(EXERCISE AIM)
Please set down only the lines between the line containing "BRANDNEW Victorias Secret" and the end of the records, inclusive, exactly as they stand.

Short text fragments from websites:
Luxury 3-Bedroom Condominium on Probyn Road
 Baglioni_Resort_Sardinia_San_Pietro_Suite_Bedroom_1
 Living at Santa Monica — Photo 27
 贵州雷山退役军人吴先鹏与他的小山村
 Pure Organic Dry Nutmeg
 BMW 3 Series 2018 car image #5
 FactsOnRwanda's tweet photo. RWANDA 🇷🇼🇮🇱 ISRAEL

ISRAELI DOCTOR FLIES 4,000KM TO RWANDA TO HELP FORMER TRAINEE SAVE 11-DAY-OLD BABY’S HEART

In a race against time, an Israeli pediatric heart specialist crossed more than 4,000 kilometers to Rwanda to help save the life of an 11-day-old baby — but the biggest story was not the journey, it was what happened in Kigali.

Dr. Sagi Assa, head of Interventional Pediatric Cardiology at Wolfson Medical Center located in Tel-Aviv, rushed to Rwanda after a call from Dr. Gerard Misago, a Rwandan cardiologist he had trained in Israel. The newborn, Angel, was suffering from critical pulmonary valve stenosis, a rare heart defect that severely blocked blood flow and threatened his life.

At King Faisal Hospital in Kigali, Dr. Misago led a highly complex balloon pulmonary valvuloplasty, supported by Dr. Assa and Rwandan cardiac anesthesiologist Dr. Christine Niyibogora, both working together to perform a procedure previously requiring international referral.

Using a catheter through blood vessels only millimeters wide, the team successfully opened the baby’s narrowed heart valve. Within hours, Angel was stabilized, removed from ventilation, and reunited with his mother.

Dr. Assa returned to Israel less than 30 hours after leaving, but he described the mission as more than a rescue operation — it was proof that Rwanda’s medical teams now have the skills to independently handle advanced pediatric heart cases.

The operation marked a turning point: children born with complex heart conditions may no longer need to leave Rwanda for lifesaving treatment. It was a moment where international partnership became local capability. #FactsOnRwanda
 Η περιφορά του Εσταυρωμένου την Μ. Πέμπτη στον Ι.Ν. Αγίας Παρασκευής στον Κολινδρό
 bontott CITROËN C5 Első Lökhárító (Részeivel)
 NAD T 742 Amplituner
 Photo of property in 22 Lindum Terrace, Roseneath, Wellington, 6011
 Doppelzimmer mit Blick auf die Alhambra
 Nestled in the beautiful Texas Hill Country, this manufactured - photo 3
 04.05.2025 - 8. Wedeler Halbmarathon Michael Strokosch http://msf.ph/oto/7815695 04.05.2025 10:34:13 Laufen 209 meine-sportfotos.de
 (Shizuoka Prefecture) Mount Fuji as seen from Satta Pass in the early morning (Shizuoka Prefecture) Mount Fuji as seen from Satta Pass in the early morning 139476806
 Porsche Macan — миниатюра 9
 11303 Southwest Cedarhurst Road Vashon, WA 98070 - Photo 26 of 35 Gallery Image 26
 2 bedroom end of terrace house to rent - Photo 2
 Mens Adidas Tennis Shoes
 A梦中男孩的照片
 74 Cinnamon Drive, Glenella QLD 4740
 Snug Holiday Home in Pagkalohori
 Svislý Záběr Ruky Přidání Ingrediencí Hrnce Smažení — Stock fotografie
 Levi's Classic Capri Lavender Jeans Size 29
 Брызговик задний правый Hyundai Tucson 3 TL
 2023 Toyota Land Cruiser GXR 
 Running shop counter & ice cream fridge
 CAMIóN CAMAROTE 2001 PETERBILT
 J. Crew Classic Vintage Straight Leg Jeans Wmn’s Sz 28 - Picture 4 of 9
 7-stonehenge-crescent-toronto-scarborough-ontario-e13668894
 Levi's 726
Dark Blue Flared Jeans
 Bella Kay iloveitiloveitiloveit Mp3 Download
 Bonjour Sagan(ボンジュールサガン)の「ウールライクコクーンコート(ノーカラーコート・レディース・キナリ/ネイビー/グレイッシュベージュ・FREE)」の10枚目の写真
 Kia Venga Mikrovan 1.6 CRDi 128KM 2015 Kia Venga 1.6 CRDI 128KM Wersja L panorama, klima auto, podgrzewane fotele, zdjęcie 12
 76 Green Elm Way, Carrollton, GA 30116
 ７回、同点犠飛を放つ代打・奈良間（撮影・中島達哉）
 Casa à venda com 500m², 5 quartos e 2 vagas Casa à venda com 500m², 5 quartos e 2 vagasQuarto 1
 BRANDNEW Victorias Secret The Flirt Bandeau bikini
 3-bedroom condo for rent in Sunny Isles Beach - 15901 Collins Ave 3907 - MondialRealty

(ANSWER)
 BRANDNEW Victorias Secret The Flirt Bandeau bikini
 3-bedroom condo for rent in Sunny Isles Beach - 15901 Collins Ave 3907 - MondialRealty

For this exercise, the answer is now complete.